EXTRACTED DATA:
*-*-*

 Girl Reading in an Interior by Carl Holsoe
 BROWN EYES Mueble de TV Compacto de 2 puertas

*-*-*

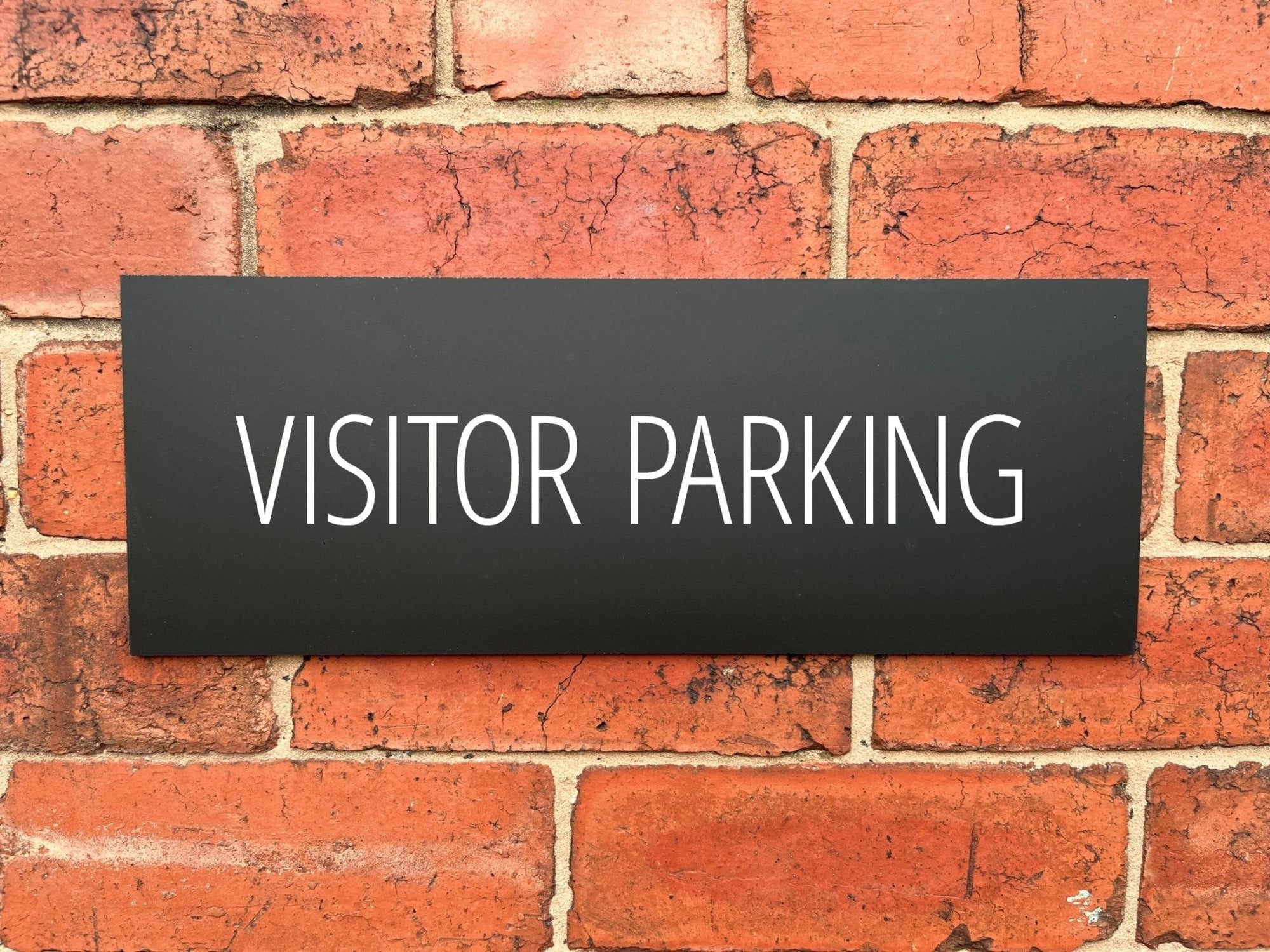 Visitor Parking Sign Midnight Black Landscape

*-*-*

WORK INSTRUCTIONS: Reproduce the lines of the entries above from the one with "Girl Reading in an Interior by Carl Holsoe" to the one with "BROWN EYES Mueble", both included, exactly and without any other line.

COMPLETED TASK:
 Girl Reading in an Interior by Carl Holsoe
 BROWN EYES Mueble de TV Compacto de 2 puertas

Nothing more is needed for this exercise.